What are the lines, word for word, from the line with "VIRGIL #4 Países" up to and including the line with "2023-24 Panini Obsidian" in the records below? Omit the pictures.

WORKING DATA
== Segment start ==

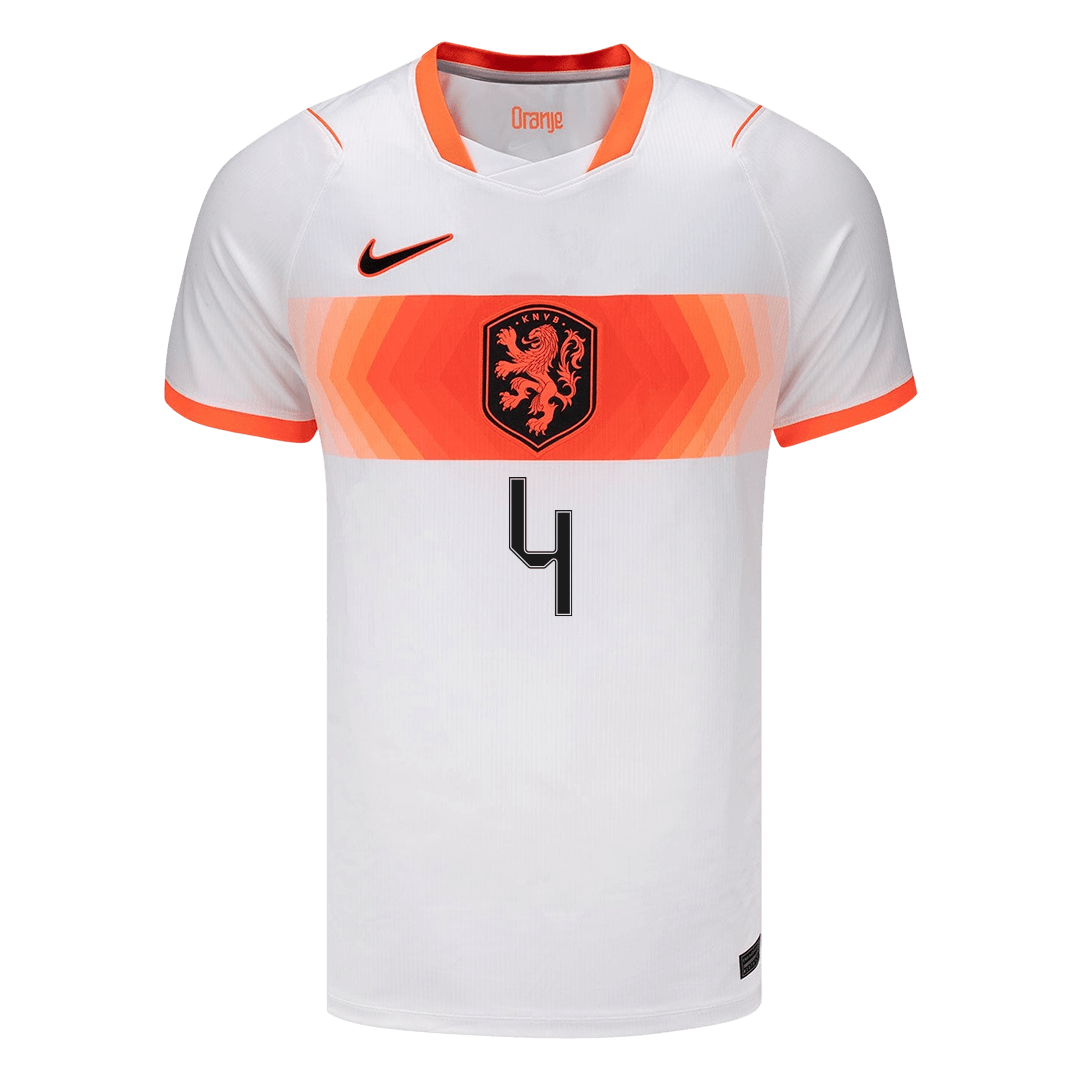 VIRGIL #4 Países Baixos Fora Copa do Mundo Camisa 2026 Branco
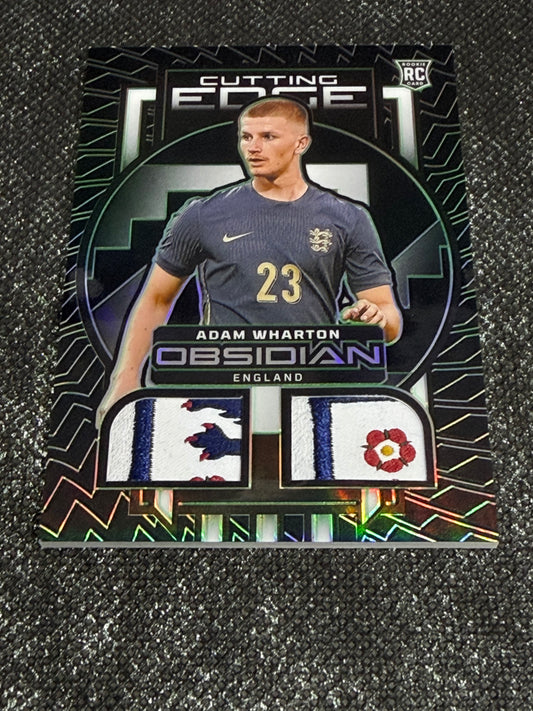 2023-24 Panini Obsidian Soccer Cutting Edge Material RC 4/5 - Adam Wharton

== Segment end ==
== Segment start ==

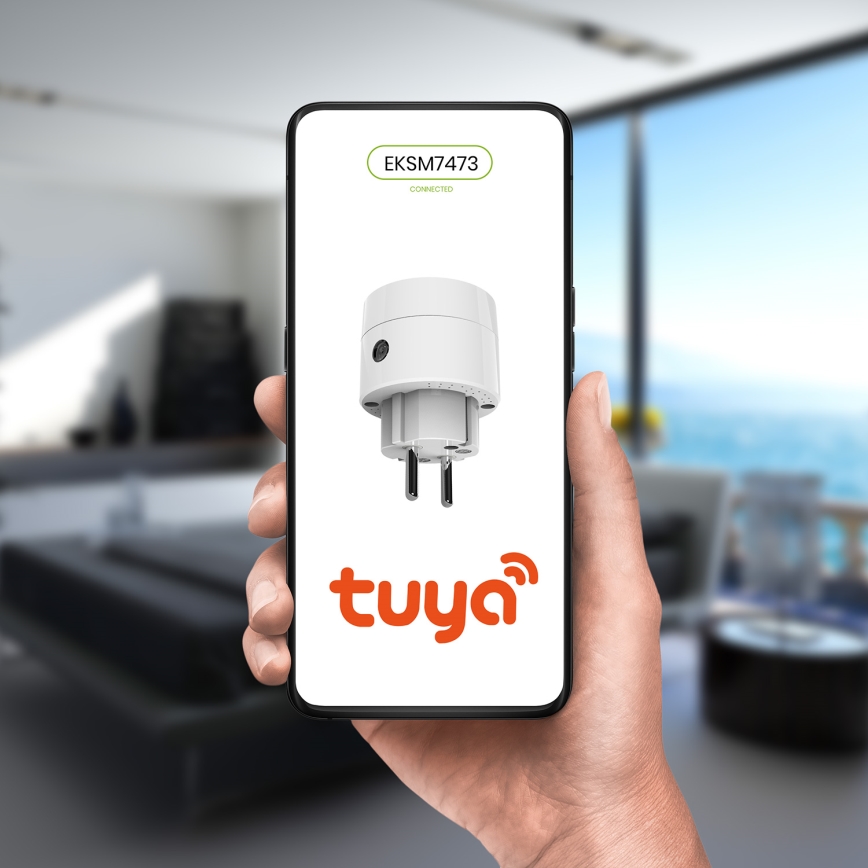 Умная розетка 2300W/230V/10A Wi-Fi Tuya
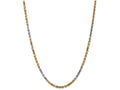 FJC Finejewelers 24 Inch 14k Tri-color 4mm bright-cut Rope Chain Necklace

== Segment end ==

RESPONSE TO THE EXERCISE
 VIRGIL #4 Países Baixos Fora Copa do Mundo Camisa 2026 Branco
 2023-24 Panini Obsidian Soccer Cutting Edge Material RC 4/5 - Adam Wharton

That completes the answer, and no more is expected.